COVID-19 Pandemic
Vaccine effectiveness estimates from a test negative design without controlling for prior infection underestimate true vaccine effectiveness Ryan Wiegand* Ryan Wiegand Bruce Fireman Morgan Najdowski Mark Tenforde Ruth Link-Gelles Jill Ferdinands
Test negative designs (TNDs) are frequently used to assess vaccine effectiveness (VE). For COVID-19 vaccines, differences in infection-induced protection between vaccinated and unvaccinated individuals may confound the association between vaccination and outcomes but ascertaining infection history can be challenging, especially for capturing asymptomatic or paucisymptomatic infections. Failure to account for infection history may bias VE estimates. We simulated individual-level SARS-CoV-2 infection and COVID-19 mRNA vaccination histories from January 19, 2020, to May 13, 2023. Simulated vaccination rollouts and TNDs were used to calculate VE against infection and against severe disease. VE was calculated from logistic regression models as (1-OR)*100%. Models were either unadjusted for infection history (uncontrolled) or were adjusted for the months since last infection and number of prior infections (controlled). Bias was assessed in estimates of VE from controlled as well as uncontrolled models compared to VE calculated without infection-induced protection.

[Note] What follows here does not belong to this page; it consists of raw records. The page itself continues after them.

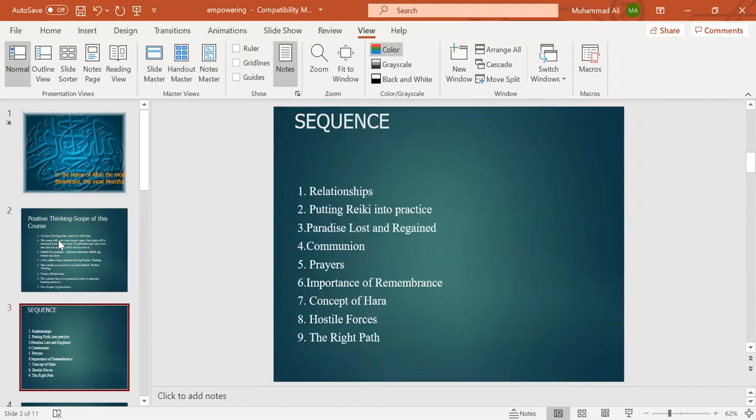We will discuss relationships, Reiki, paradise lost and regained, communion prayers, importance of remembrance or zikr, concept of Hara, the hostile forces that one may confront, and the right path.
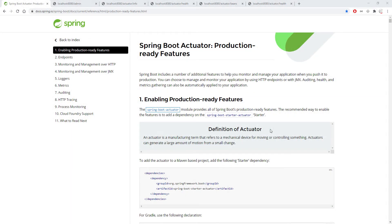Let's say you have an application that is running with two different services, and you really want to make sure that those two services are running for the health of the application to be up. You want to include some additional check to your health check so that you can make sure the application is actually up. This is something you'll probably have to do a lot because unless a specific service is running, the application should be down, and you want to get a status of down when you check your health information.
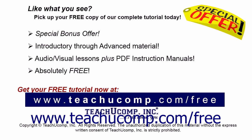Like what you see? Pick up your free copy of the complete tutorial at www.teachyoucomp.com forward slash free.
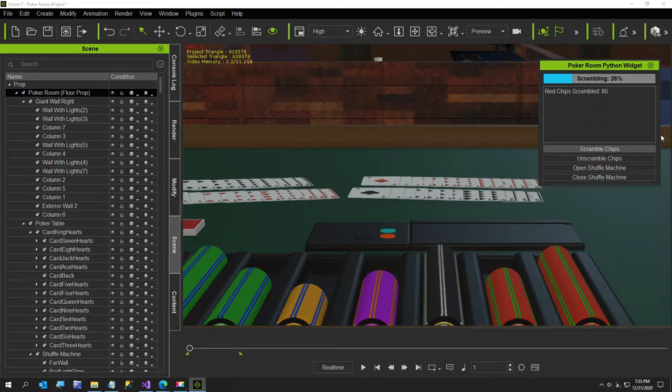But if I call scramble a second time, you'll see here scramble works. So that's why I'm thinking it's not my code.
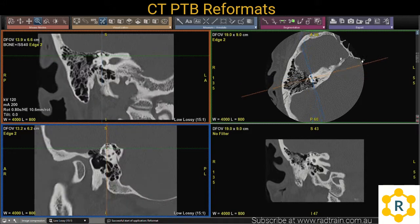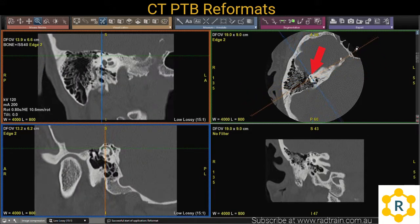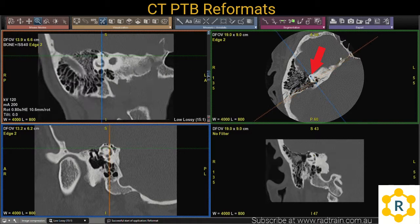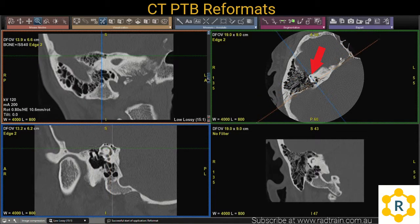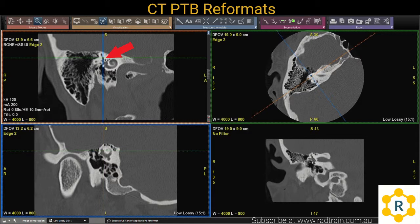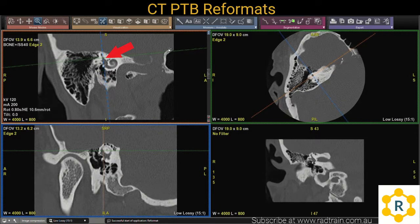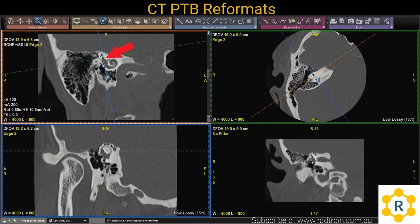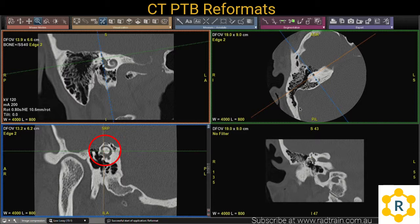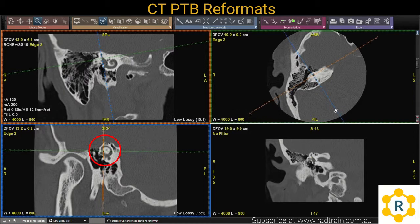To start with, get the superior semicircular canal on the axial plane and drag your oblique line parallel to that, which I have done with the blue line. That's only half of the battle. What you need to do then is find the 90 degree plane to that, also find your superior semicircular canal, and drag the plane parallel to that as well, which I have done with that blue line. What you should get in the bottom view is a nice complete ring of the semicircular canal.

Uncontrolled models typically underestimated VE more than controlled models (Figure). For vaccination in the last 3 months, mean bias for protection against infection was -4.8 percentage points (pp) (95% CI -5.7, -3.9) for uncontrolled analyses and -3.0 pp (CI -3.9, -2.0) for controlled analyses, and mean bias for protection against severe disease was -4.0 pp (CI -5.5, -2.4) for uncontrolled and -2.4 pp (CI -4.0, -0.7) for controlled. When VE approaches zero, such as when vaccine-induced protection has waned, failure to account for infection history may result in a VE estimate below zero, e.g., in uncontrolled analyses, VE against infection 5-11 months since vaccination was -2.4% (CI -2.7, -2.0). VE estimates from TNDs without prior infection information tended to underestimate VE, in most scenarios by less than 8 percentage points.